Nous ne savons pas encore si Sta­line par­vien­dra à consti­tuer son Inter­na­tio­nale. La confé­rence syn­di­cale mon­diale se tient au moment où un conflit d’une extrême vio­lence met déjà aux prises Anglo-Saxons et Russes à pro­pos du par­tage du monde, ce seul vrai but de la Seconde Guerre impé­ria­liste. L’A­me­ri­can Fede­ra­tion of Labor, la plus puis­sante orga­ni­sa­tion ouvrière amé­ri­caine, n’a pas dis­si­mu­lé son oppo­si­tion à la manœuvre russe. Elle n’é­tait pas à Paris le 25 sep­tembre. Quant aux Trade-Unions, ils ont. pris à Black­pool une posi­tion sur le pro­blème de la démo­cra­tie qui est on ne peut plus éloi­gnée de ce que les Russes appliquent en Bul­ga­rie, Rou­ma­nie et Hon­grie par exemple. Quelles que soient les réso­lu­tions qui sor­ti­ront de la confé­rence, nous savons bien que l’u­ni­té, si elle se fait, ne sera qu’un masque hypo­crite qui ne sau­rait empê­cher le mou­ve­ment syn­di­cal de se scin­der en deux blocs quand aura son­né l’heure de la troi­sième guerre impérialiste.

Nous savons que nos amis de la C.N.T. ne par­ti­cipent pas à la confé­rence. Pour nous, cepen­dant, l’In­ter­na­tio­nale révo­lu­tion­naire doit naître. Elle devrait être l’al­liance mon­diale de tous les révo­lu­tion­naires réso­lus à lut­ter contre tous les États pour les détruire tous. « Des­truam et eedi­fi­ca­bo », je détrui­rai et je construi­rai : c’é­tait la fière devise de Prou­dhon. Nous en sommes au pre­mier stade, celui de la des­truc­tion. Cette des­truc­tion sera l’œuvre des anar­chistes sou­te­nus dans leur com­bat par l’im­pé­ris­sable sou­ve­nir du grand Michel Bakou­nine et de la Ire Internationale.

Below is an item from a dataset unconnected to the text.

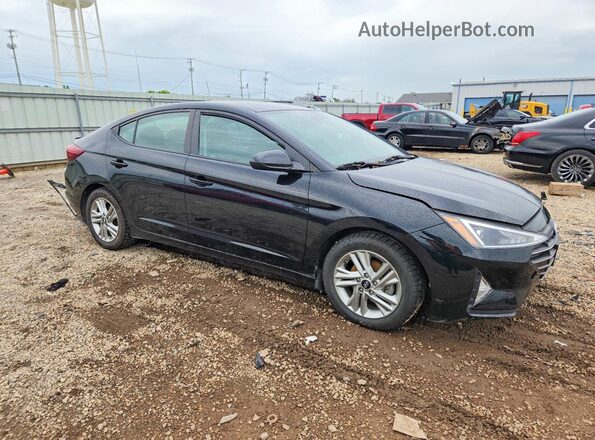 KMHD84LF1LU028464 2020 HYUNDAI ELANTRA Black Delantero derecho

Car la bour­geoi­sie doit être détruite. Détruite avec son outra­geante immo­ra­li­té, ses guerres atroces et ses désordres éco­no­miques. Détruite avec son admi­nis­tra­tion para­si­taire et dévo­rante, ses magis­trats à faux ser­ments et ses bureau­crates syndicaux.